* Required work *
Reproduce verbatim only the lines from the one containing "L'Recrute logo - Similar" through the last line below, both included.

* Records supplied *
- - - - - - -

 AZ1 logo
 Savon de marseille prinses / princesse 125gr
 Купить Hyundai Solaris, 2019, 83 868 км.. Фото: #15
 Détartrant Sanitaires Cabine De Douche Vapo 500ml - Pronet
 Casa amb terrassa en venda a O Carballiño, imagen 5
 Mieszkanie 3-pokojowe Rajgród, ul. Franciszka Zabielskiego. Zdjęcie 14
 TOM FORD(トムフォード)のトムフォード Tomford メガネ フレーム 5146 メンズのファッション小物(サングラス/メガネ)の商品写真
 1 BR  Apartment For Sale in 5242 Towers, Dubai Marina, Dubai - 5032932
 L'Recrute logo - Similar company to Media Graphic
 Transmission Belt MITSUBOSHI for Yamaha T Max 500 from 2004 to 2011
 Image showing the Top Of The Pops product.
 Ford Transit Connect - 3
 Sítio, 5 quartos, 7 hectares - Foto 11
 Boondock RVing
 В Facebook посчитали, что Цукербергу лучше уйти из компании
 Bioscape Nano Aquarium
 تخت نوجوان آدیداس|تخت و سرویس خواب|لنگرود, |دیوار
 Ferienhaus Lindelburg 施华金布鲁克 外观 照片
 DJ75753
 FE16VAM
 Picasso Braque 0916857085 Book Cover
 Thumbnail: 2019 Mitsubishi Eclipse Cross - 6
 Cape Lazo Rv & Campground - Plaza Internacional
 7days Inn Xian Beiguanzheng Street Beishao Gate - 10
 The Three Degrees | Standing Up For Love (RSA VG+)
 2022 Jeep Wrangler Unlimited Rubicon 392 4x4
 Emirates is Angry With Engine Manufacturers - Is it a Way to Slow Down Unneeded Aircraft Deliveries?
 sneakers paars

- - - - - - -

* Written answer *
 L'Recrute logo - Similar company to Media Graphic
 Transmission Belt MITSUBOSHI for Yamaha T Max 500 from 2004 to 2011
 Image showing the Top Of The Pops product.
 Ford Transit Connect - 3
 Sítio, 5 quartos, 7 hectares - Foto 11
 Boondock RVing
 В Facebook посчитали, что Цукербергу лучше уйти из компании
 Bioscape Nano Aquarium
 تخت نوجوان آدیداس|تخت و سرویس خواب|لنگرود, |دیوار
 Ferienhaus Lindelburg 施华金布鲁克 外观 照片
 DJ75753
 FE16VAM
 Picasso Braque 0916857085 Book Cover
 Thumbnail: 2019 Mitsubishi Eclipse Cross - 6
 Cape Lazo Rv & Campground - Plaza Internacional
 7days Inn Xian Beiguanzheng Street Beishao Gate - 10
 The Three Degrees | Standing Up For Love (RSA VG+)
 2022 Jeep Wrangler Unlimited Rubicon 392 4x4
 Emirates is Angry With Engine Manufacturers - Is it a Way to Slow Down Unneeded Aircraft Deliveries?
 sneakers paars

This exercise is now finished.